Jamie Scott’s family and legal advisors have sent pleas for clemency or compassionate release to Mississippi Governor Haley Barbour.

Bob Herbert writes that Barbour’s “past record on pardons does not bode well for Jamie and Gladys Scott.”:

Barbour, who took office in 2004, was initially known for refusing to grant any pardons. In his second term he changed course–but only for a particular set of offenders. A 2008 investigation by the Jackson Free Press found that Barbour had pardoned or suspended the sentences of five murderers, four of whom had killed their former or current wives or girlfriends. All five men were part of a prison trusty program under which they did odd jobs at the governor’s mansion. Writing in Slate, Radley Balko summarized Haley Barbour’s policy on pardons as “show[ing] mercy only to murderers who work on his house.”

Nevertheless, Gov. Haley Barbour on Wednesday suspended the sentences of Jamie Scott and Gladys Scott.

Herbert clarifies that the prison terms were suspended — not commuted — on the condition that Gladys donate a kidney to Jamie and adds that “to make [the donation of a kidney] a condition of her release was unnecessary, mean-spirited, inhumane and potentially coercive. It was a low thing to do.”

Governor Barbour said of the sisters: “Their incarceration is no longer necessary for public safety or rehabilitation, and Jamie Scott’s medical condition creates a substantial cost to the state of Mississippi.”

To which Herbert says: “By all means, get those medical costs off the books if you can.”

Herbert goes on to criticize Barbour’s recent political comments and pronouncements (Yazoo City, etc.) and his pardoning of four killers and suspending the life sentence of a fifth: “So cold-blooded murder is no reason, in Mr. Barbour’s view, to keep the prison doors closed.”

He also credits the “extraordinary network of supporters who campaigned relentlessly over several years on their behalf” as the only reason the Scott sisters have gotten any relief at all.

Herbert concludes:

What is likely to get lost in the story of the Scott sisters finally being freed is just how hideous and how outlandish their experience really was.

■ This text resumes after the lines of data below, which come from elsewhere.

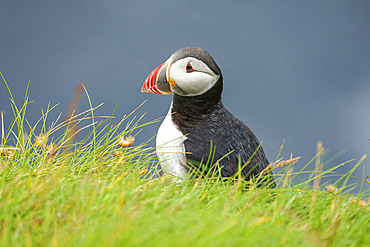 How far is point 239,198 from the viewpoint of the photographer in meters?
2.62

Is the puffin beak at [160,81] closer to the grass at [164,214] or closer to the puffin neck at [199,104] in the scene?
the puffin neck at [199,104]

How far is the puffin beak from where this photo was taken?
3982 mm

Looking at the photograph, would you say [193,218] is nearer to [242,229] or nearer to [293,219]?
[242,229]

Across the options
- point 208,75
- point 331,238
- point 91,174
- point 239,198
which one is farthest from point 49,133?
point 331,238

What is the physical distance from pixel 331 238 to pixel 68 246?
1.29 m

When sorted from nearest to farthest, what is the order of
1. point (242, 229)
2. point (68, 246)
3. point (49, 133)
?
point (68, 246), point (242, 229), point (49, 133)

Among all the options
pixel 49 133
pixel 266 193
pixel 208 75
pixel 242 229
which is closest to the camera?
pixel 242 229

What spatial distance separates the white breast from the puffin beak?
34 cm

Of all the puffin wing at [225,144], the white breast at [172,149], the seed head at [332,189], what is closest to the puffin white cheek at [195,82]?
the puffin wing at [225,144]

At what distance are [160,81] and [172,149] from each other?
2.29ft

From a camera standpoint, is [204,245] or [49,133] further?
[49,133]

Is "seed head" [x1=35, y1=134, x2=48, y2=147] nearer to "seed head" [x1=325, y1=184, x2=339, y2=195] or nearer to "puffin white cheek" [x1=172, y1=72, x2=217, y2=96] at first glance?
"puffin white cheek" [x1=172, y1=72, x2=217, y2=96]

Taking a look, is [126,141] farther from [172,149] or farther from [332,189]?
[332,189]

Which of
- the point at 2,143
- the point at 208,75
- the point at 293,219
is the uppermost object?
the point at 208,75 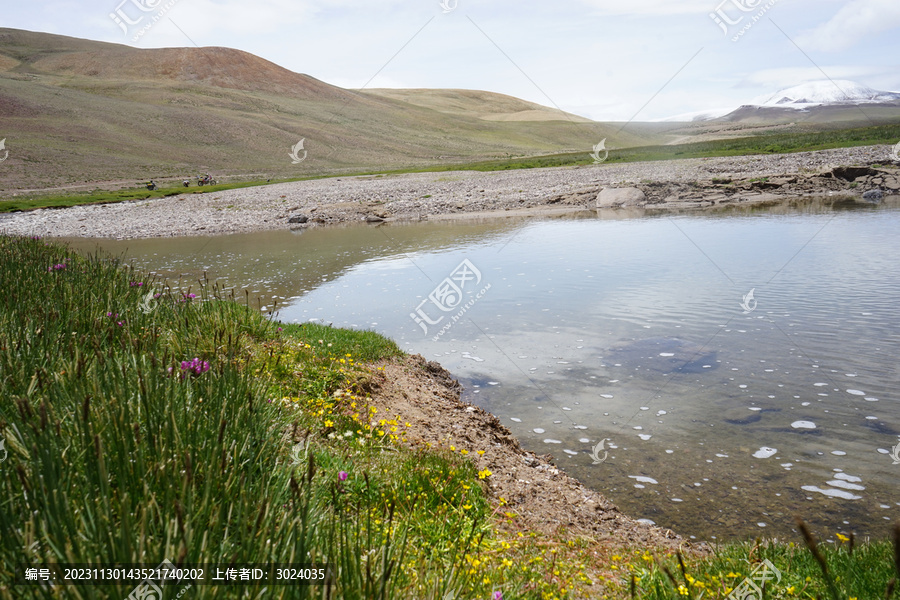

How can it be possible for individuals with no prior criminal record to be sentenced to two consecutive life terms for a crime in which no one was hurt and $11 was taken? Who had it in for them, and why was that allowed to happen?

The Scott sisters may go free, but they will never receive justice.

I tend to agree with Herbert that the message we get from Mississippi is a mixed one. However, on this first day of the New Year, let us “keep hope alive” and let us give Gov. Barbour at least the benefit of the doubt.